Friday, May 1, 2015
A Face in the Distance
A Face in the Distance
Many, many, many years ago, I read "The Machine Stops", a short story written by E.M.Forster in 1909. It was about a man living in a future world that was controlled by the "Machine" and this Machine gave the people everything they could ever want. It also gave them means to communicate with one another without having to leave their safe and secure domicile. This man wanted to speak to his mother who lived a great distance away. To converse with another person at that time, one used the electronic devices provided for by the Machine. But he was tired of talking into gadgets and seeing his mother's face on a screen. He wanted to meet her in person.
But there was a problem: his mother saw no reason to leave her comfortable apartment to talk with her son when they could just as well talk through the devices that the Machine has provided. Yet, the man saw the continual absence of her physical presence would amount to a form of estrangement. He felt their humanity slowly being eaten away. And no one, no one except himself, seemed to care.
There were other themes in the story but the one that stayed with me was the subtle suggestion that there is danger in relying solely on the use of machines to provide for all means of existence. Forster also illustrated, in his short story, that there is danger to humanity from not having personal contacts with one another. The story ended with the tragic consequences of having trusted the machines.
A remarkable thing was that he wrote this short story 106 years ago, where he writes about devices similar to ours that connects people to each other without having to be in the same room, which would necessitate being within talking distant and breathing in one another's scent (we do have a scent and we do unconsciously react on it like other wild animals). I would recommend everybody to read it.

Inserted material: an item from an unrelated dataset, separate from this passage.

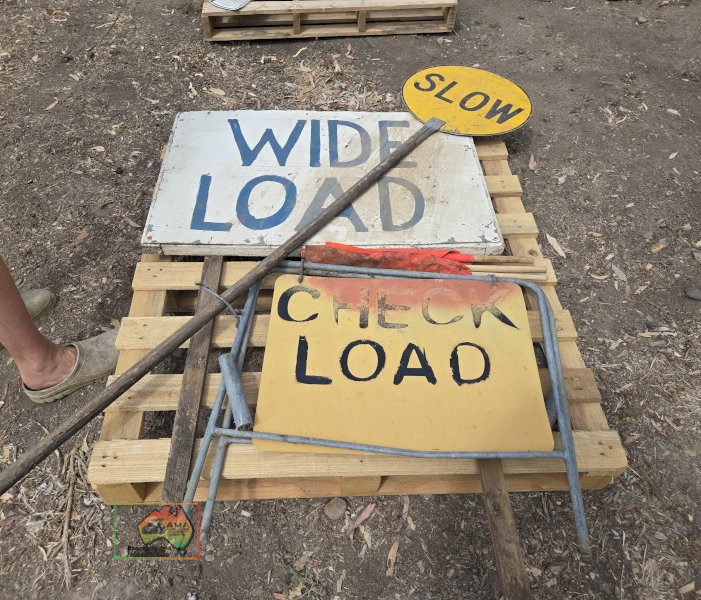 Variety of Signs - photo 3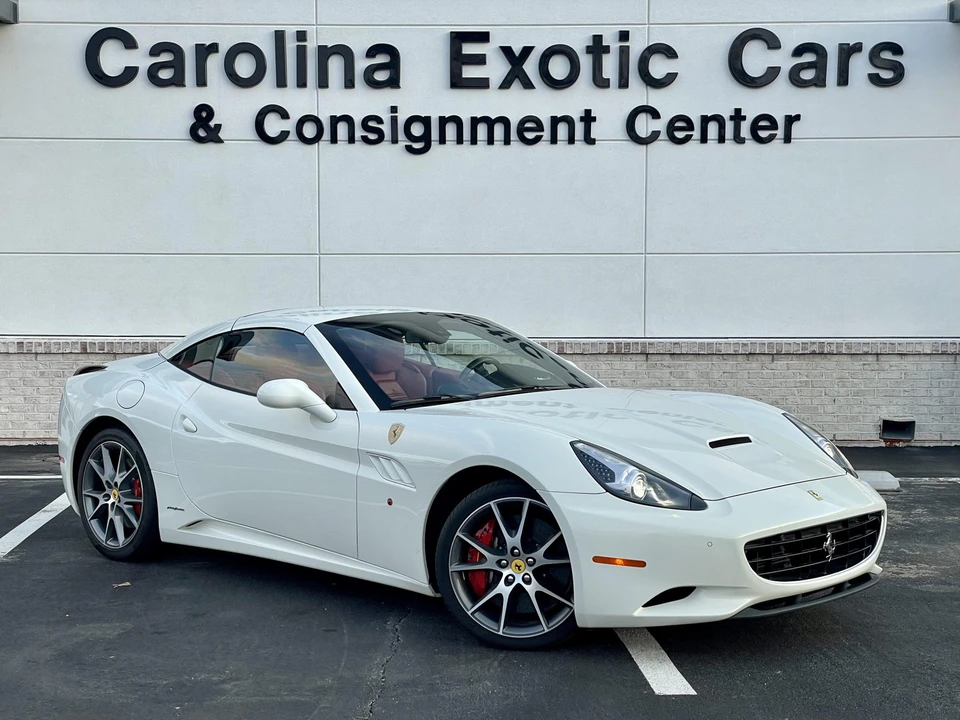 2013 Ferrari California - Image 14 of 31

I do not agree that having a conversation without your warm body being present is dangerous. I see young people in groups, strolling along the mall, being euphorically oblivious to each other while tapping or talking into a small, hand held instruments. It's amazing how much they have to say to people far, far away while ignoring the one already there, but I see happiness in their faces. I also see that there is absolutely no danger to the person other than stepping accidently into pot holes because one isn't looking.
Speaking as a very, very shy person (which I am), these new ways of communicating without confronting each other's awkwardness, or having to have eye contact, or having to check one's appearance (seeing that there are no coffee stains on the clothing, spinach on the teeth), or checking one's breath with a cupped palm, is just too much of a blessing.
A good example is funerals. I'm not good at funerals. I say inappropriate things. Like when I address the bereaved person in the greeting line and, by my nature, crack a joke...to lighten things up, and am met with scowling faces, great, great disapproval, and disproportionate blows to the head. Now with our modern E-mail, facebook, I-phones and other telecommunication devices, I can just text my condolences and, most important of all, being able to edit the damn thing so I don't have another embarrassing faux pas,. That's all I have to say. Thank you.